Comment by infinity0

8 years ago

Could someone enlighten me on why malloc and free don't automatically zero memory by default?

Someone pointed me to MALLOC_PERTURB_ and I've just run a few test programs with it set - including a stage1 GCC compile, which granted may not be the best test - and it really doesn't dent performance by much. (edit: noticeably, at all, in fact)

People who prefer extreme performance over prudent security should be the ones forced to mess about with extra settings, anyway.

Some old IBM environments initialized fresh allocations to 0xDEADBEEF, which had the advantage that the result you got from using such memory would (usually) be obviously incorrect. The fact that it was done decades ago is pretty good evidence that it's not about the actual initialization cost: these things cost a lot more back then.

What changed is the paged memory model: modern systems don't actually tie an address to a page of physical RAM until the first time you try to use it (or something else on that page). Initializing the memory on malloc() would "waste" memory in some cases, where the allocation spans multiple pages and you don't end up using the whole thing. Some software assumes this, and would use quite a bit of extra RAM if malloc() automatically wiped memory. It would also tend to chew through your CPU cache, which mattered less in the past because any nontrivial operation already did that.

I personally don't think this is a good enough reason, but it is a little more than just a minor performance issue.

That all being said, while it would likely have helped slightly in this case, it would not solve the problem: active allocations would still be revealed.

  • > Some old IBM environments initialized fresh allocations to 0xDEADBEEF, which had the advantage that the result you got from using such memory would (usually) be obviously incorrect.
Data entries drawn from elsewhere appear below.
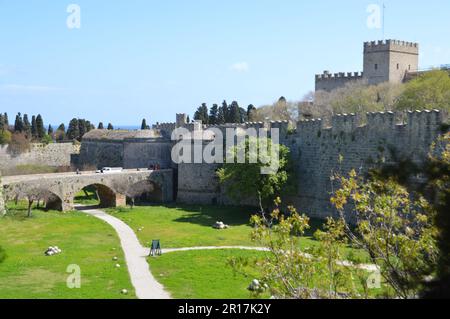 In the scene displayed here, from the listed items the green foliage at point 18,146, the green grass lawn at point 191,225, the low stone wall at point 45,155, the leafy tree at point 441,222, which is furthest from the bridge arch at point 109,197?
the leafy tree at point 441,222

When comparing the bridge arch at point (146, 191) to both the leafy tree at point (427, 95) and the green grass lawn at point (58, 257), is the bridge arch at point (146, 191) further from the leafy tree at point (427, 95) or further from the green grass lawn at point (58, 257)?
the leafy tree at point (427, 95)

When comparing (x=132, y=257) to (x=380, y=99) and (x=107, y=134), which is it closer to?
(x=380, y=99)

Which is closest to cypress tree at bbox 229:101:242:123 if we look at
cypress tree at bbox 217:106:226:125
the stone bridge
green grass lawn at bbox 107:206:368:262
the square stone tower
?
cypress tree at bbox 217:106:226:125

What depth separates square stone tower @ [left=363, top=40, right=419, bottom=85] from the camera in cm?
4791

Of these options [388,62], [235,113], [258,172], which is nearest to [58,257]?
[258,172]

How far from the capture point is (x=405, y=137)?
24.4 metres

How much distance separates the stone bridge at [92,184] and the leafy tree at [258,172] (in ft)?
26.7

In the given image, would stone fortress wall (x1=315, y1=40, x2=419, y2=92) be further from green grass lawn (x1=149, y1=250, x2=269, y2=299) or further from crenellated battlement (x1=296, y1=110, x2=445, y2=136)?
green grass lawn (x1=149, y1=250, x2=269, y2=299)

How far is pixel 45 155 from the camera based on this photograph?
184 ft

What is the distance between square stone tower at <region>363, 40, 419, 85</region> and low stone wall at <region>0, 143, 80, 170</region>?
2928cm

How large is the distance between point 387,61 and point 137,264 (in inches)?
1367

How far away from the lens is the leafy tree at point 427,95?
31594 millimetres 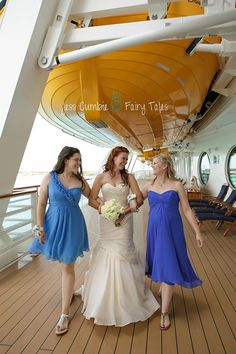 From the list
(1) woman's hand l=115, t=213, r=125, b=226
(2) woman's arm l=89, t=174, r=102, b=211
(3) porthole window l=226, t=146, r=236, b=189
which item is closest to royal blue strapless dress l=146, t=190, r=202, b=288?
(1) woman's hand l=115, t=213, r=125, b=226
    On BSDs, malloc.conf can still be configured to do that: on OpenBSD, junking (fills allocations with 0xdb and deallocations with 0xdf) is enabled by default on small allocations, "J" will enable it for all allocations. On FreeBSD, "J" will initialise all allocations with 0xa5 and deallocations with 0x5a.

  • > What changed is the paged memory model: modern systems don't actually tie an address to a page of physical RAM until the first time you try to use it (or something else on that page). Initializing the memory on malloc() would "waste" memory in some cases, where the allocation spans multiple pages and you don't end up using the whole thing. Some software assumes this, and would use quite a bit of extra RAM if malloc() automatically wiped memory. It would also tend to chew through your CPU cache, which mattered less in the past because any nontrivial operation already did that.

    Maybe an alternative approach is to simply mark the pages to be lazily zeroed out when attached, in the Page Table Entries of the MMU. They wouldn't be zeroed out at the time of the call malloc(), but only when they are attached to a physical memory location (the first time you use it).

    • And it seems to me the OS should ensure the pages are zero'd out rather than user space (via malloc()) doing it, because it's still a security hole to let a process read data that it's not supposed to have access to (whether it's from another process or the kernel - it doesn't matter).

      1 reply →

    • Unsure, not my job. But I read stuff along those lines. A modern OS plays all sorts of games to delay doing work. Allocate a couple of megs of memory and the OS sets up some pointers in a page table. And yes it'll keep already zero'd pages handy. And mark pages as dirty to be scraped clean later.

  • It doesn't need to affect your CPU cache, because x64 processors have non-temporal writes (streaming stores) that bypass the cache.

    The stuff about eagerly allocating pages is spot on though.

    There is calloc which allocates and zeroes memory, but people don't use it as often as they should.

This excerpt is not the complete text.